I’m having an issue with on of my apps not deploying into each region specified. I know there’s been a few people reporting similar issues, so I’m not sure if it could be related.
At the moment I have my autoscale configuration set to this:
Scale Mode: Standard
Min Count: 8
Max Count: 50
With these regions:
Region Pool:
ams
cdg
fra
lax
mia
ord
sin
syd
Backup Region:
However the app is re-allocating some of them from other regions into more traffic heavy regions (I think?)
Instances
ID PROCESS VERSION REGION DESIRED STATUS HEALTH CHECKS RESTARTS CREATED
2fc3513c app 33 cdg run running 1 total, 1 passing 0 2022-08-22T10:20:28Z
bb86a6d2 app 33 cdg run running 1 total, 1 passing 0 2022-08-22T10:07:48Z
93039894 app 33 ams run running 1 total, 1 passing 0 2022-08-19T06:41:18Z
c7ac4df9 app 33 ord run running 1 total, 1 passing 0 2022-08-19T06:41:18Z
af4e30f1 app 33 ord run running 1 total, 1 passing 0 2022-08-19T06:41:18Z
66a3b4a3 app 33 fra run running 1 total, 1 passing 0 2022-08-19T06:41:18Z
7b8e9014 app 33 lax run running 1 total, 1 passing 0 2022-08-19T06:41:18Z
4de47a87 app 33 sin run running 1 total, 1 passing 0 2022-08-19T06:41:18Z
I haven’t made any adjustments to scaling and I don’t have any volumes. Is there anything I need to do in order to get this working correctly? Any help would be appreciated
Based on the previous threads @ignoramous helpfully linked, it does seem that the Nomad-based scheduler hasn’t always spread instances evenly across configured regions as expected.

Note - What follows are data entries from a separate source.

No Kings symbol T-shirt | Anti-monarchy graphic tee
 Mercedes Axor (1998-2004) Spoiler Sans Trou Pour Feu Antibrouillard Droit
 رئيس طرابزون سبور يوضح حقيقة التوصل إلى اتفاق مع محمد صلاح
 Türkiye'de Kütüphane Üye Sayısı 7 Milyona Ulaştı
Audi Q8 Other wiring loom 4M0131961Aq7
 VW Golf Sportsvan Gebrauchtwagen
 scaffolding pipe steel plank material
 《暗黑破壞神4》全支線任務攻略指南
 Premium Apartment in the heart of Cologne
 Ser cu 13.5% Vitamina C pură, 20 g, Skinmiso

The Nomad scheduler considers several combined factors when making placement decisions, so it might be that some of the other regions were closer to their capacity limits. Or it could be some other bug in Nomad or our configuration that we haven’t tracked down yet.
We’re working on replacing the Nomad scheduler with our own Machine-based scheduler, which will eventually give us more control and working knowledge of the internals, making it easier for us to track down scaling/placement issues. Until then, you can try using --max-per-region as suggested to manually spread out instances, though that won’t be too useful if you also want to autoscale beyond current instance counts.
Yeah, enabling and disabling don’t make a difference.
Abandoning autoscale would be frustrating as I’ll have to overprovision servers to allow for periods of high demand. I might just have to live with the current behaviour
It’s great to hear that a custom scheduler is being worked on to apply the expected behaviour. It would be good to put this into the documentation though as it doesn’t work the way it’s described. I’m also now a little confused on how standard auto-scaling it supposed to work and by extension balanced autoscaling.
I think you’ve heard similar feedback before but I would like to set the scaling behaviour so that there is a minimum of one server in the regions that I set with servers being added when demand increases in a particular region(how I assumed that the Standard autoscaling worked originally)
Fly Machine apps can be deployed to all regions. Since Machine app instances are created on-demand in response to user requests (in a region closest to the user), they are more cost-effective. These instances typically cold-start in 300ms. It is upto the instance’s main process to exit itself once it has serviced the request. For example, I have setup one of our Machine apps to terminate after 5m of inactivity. This blog post has more hands-on details on Fly Machines: Building an In-Browser IDE the Hard Way · The Fly Blog
At the outset, the stuble behavioural differences between regular Fly apps and Fly Machine apps might confuse / frustrate you, but once that novelty wears off, things start making more sense.
I had a quick look but from what’s described I don’t think it will suit my use case. My app is based on websockets and this seems to be for short-lived requests. It does look nice though
I’ve been experimenting with the autoscaling and interestingly, if I increase the min scale by 1 multiple times it honors the standard auto-balancing eventually putting one in each region and this seems to be maintained between deployments.
I did try the --max-per-region with count but it looks like if there’s already more than 1 machine to a region it won’t scale down to match. For instance, I had 4 machines in ams but once I set --max-per-region to 3, there was still 4 in ams instead of 3.
Not really, it is upto the entrypoint process to keep around a Machine alive for as long as it wants to (including leaving it up forever). For ex, the Machines I run are set to go down after 180s of inactivity. From the logs, I see that a couple Machines have been up for 12 hours now, presumably since there might have been no inactivity long enough to trigger a self-exit.